Investigations: how far is far enough?
When conducting an investigation it's important to be balanced and thorough. But with complex allegations, it can be difficult to draw a line under…
When conducting a disciplinary investigation it is important to be both balanced and thorough. So far, so good. But when the allegations against an employee are complex, there are lots of witnesses involved or versions of events differ, it can be difficult to draw a line under enquiries. Must every aspect of the employee’s case be put to every witness? How far is far enough?
The High Court has shed some light on this important question in the case of Robert Hendy v Ministry of Justice.
The Ministry of Justice (MoJ) has been caught up in a two and a half year legal battle with a senior Court of Appeal lawyer accused of bullying conduct.
Robert Hendy, a Master in the Civil Appeals office, was suspended on full pay in December 2011 when two female colleagues made complaints about his bullying behaviour.
The High Court heard that an investigations officer was appointed under the MoJ disciplinary procedure. He concluded that Robert Hendy had made a number of sexual innuendo remarks which were meant in jest but had an adverse impact on the recipients. Robert Hendy complained that the issues were ‘trumped up’ and the result of a conspiracy between the two complainants.
A finding of gross misconduct was made against Robert Hendy in March 2013 and he was summarily dismissed. However, the appeal manager overturned the decision to dismiss him, on the grounds that his defence had not been tested by putting his version of events to the complainants.
Robert Hendy was reinstated but remained suspended. A new investigations officer was appointed to proceed with the disciplinary case. Robert Hendy claimed that the new process would be a ‘rubber stamping’ of the earlier decision and sought an injunction to halt proceedings until a fresh investigation by an independent person, agreed by both parties, was put in place.
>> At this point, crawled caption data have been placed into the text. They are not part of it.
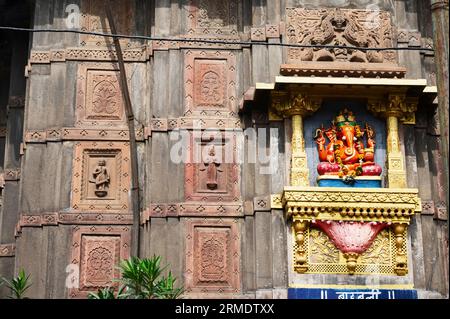 Schnitzereien an der Außenwand des Krishnapura Chhatris, auch bekannt als Krishna Pura Chhatris, erbaut Mitte des 19. Jahrhunderts, Indore, Madhya Stockfoto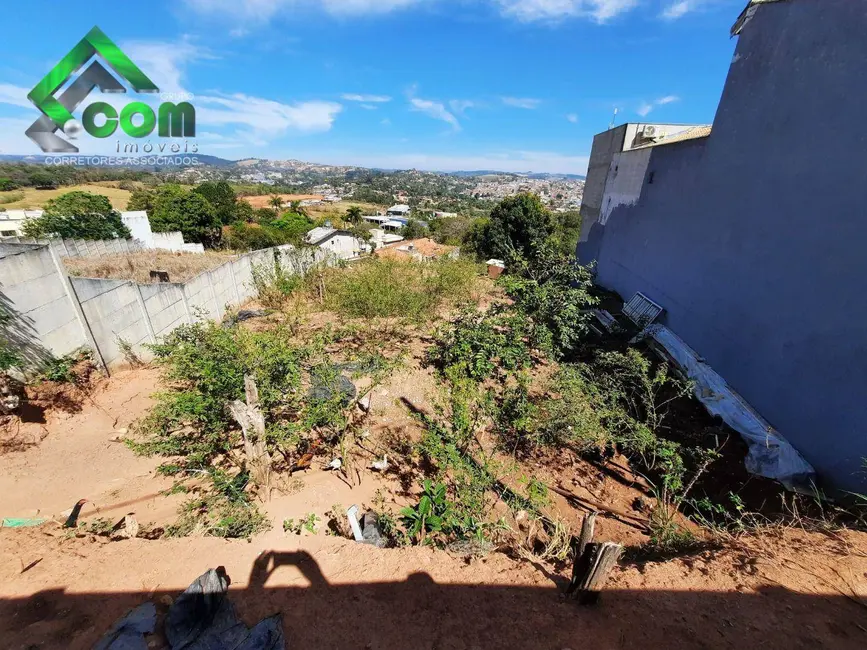 Foto 2 de Terreno / Lote à venda, 665m2 em Jardim Paulista, Atibaia - SP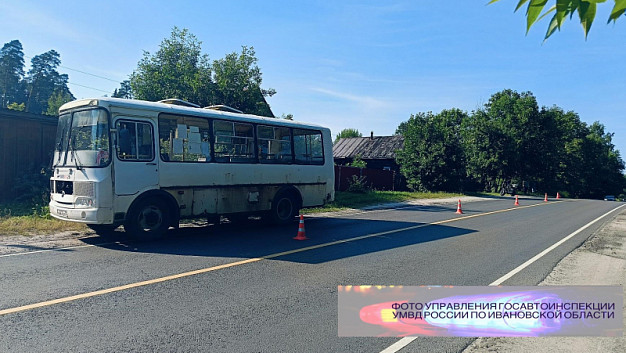 В Юрьевце дедушка не справился с электроскутером и улетел в «Паз»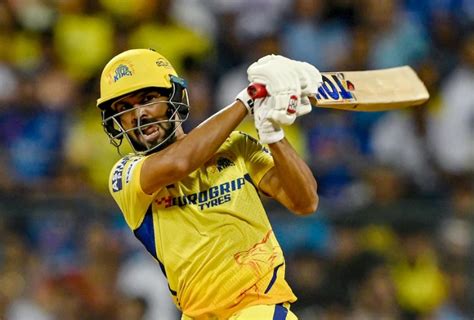 Ipl Csk Skipper Ruturaj Gaikwad Overtakes Sachin Tendulkar Run Tally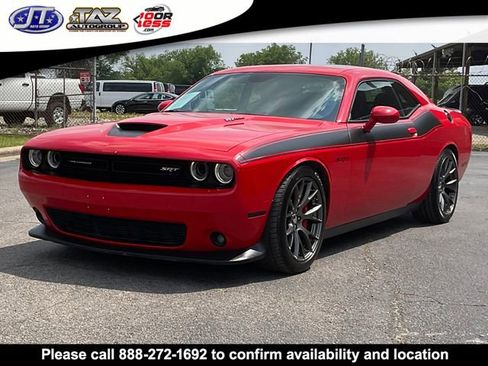Used 2015 Dodge Challenger SRT image 3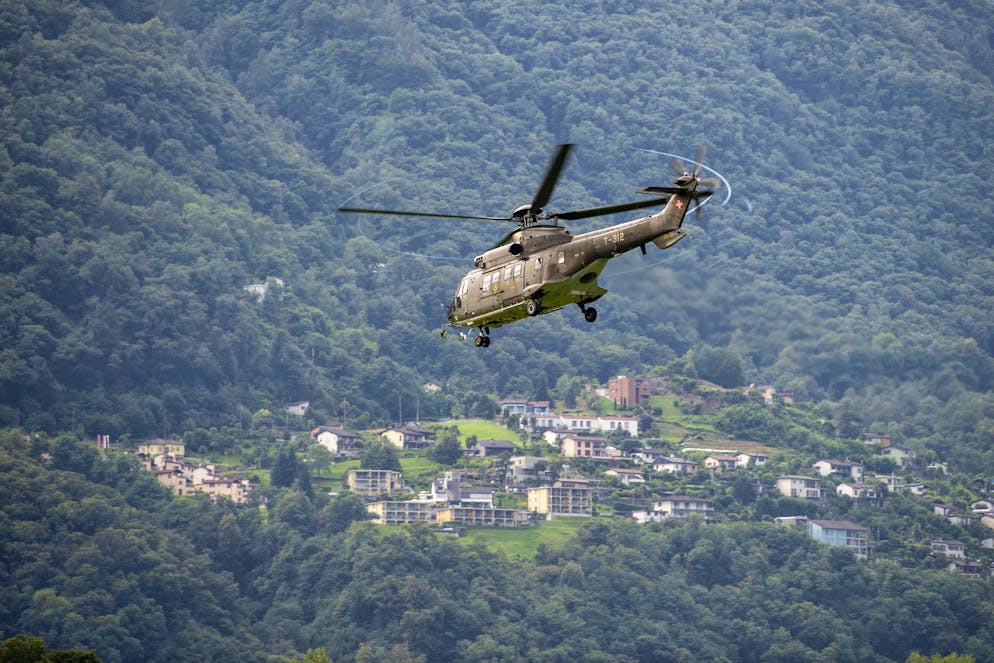 Drei Transporthelikopter 06 (TH06) der Schweizer Armee, besser bekannt als Super Puma, starten auf dem Airport Locarno in Richtung Griechenland, am Samstag, 7. August 2021. Die Schweiz unterstuetzt mit drei Super Puma Helikoptern die Loescharbeiten der Waldbraende in Griechenland. (KEYSTONE/Urs Flueeler)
Robert Hendy’s case was that the MoJ disciplinary procedure was contractual and therefore should be adhered to in every detail. In particular, he argued that his case should have been put to the complainants as suggested by the appeal manager and that this recommendation had actually become a contractual right in his favour.
Mr Justice Mann rejected the point about the appeal manager’s recommendations becoming contractual but considered that there was an arguable view that they should be followed because of the general duty of fairness.
His views on the question of whether Mr Hendy’s case had been adequately put to the complainants are very interesting. He stated that it was not, in his view, arguable that “each and every part of Mr Hendy’s case including his reasoning on credibility” needed to be “put to each and every relevant witness”. He observed that conducting a disciplinary investigation “is not a mechanical process”. What needs to be put to the complainants or witnesses in a case is “enough to enable a reasonable view to be reached”.
Mr Justice Mann considered that the investigating officer had made great efforts to do this, although several matters were not put to the complainants. What was required was that the investigating officer “should do enough to be able to test the complainants’ credibility”. Lord Justice Mann concluded that the investigating officer’s procedures had been sufficiently fair.
Robert Hendy failed to establish there was unfairness of sufficient seriousness to justify halting the proceedings. Any outcome that might result from an allegedly unfair procedure could be challenged later before an employment tribunal, and damages sought. Granting an injunction to halt the procedure would leave Robert Hendy suspended on full salary for a further considerable time and such a financial loss to the MoJ needed to be weighed in the balance when considering the injunction. Robert Hendy’s application for injunction therefore failed.
Applications for such injunctions are rare and the Judge made it clear that employees cannot assume the court will always intervene whenever there is a perceived unfairness in a disciplinary procedure. “The court cannot micro-manage employment disputes” added Mr Justice Mann.
What can be taken from this case is that, when sharing evidence during the conduct of a disciplinary investigation, it is not necessary to put each and every piece of evidence to every relevant witness. Mr Justice Mann stated that “the process is not akin to a major trial, at which the whole factual case of one party is (by and large) expected to be put to the other. What needs to be put is enough to enable a reasonable view to be reached”.
These comments will be reassuring to all HR practitioners who work hard to conduct complex disciplinary investigations fairly. The Judgment in this case acknowledges that, despite best efforts, there may sometimes be small gaps in the evidence. These will not necessarily completely undermine a case as long as sufficient intelligent and targeted work as been done for the investigator to reach an informed and reasoned view of a matter.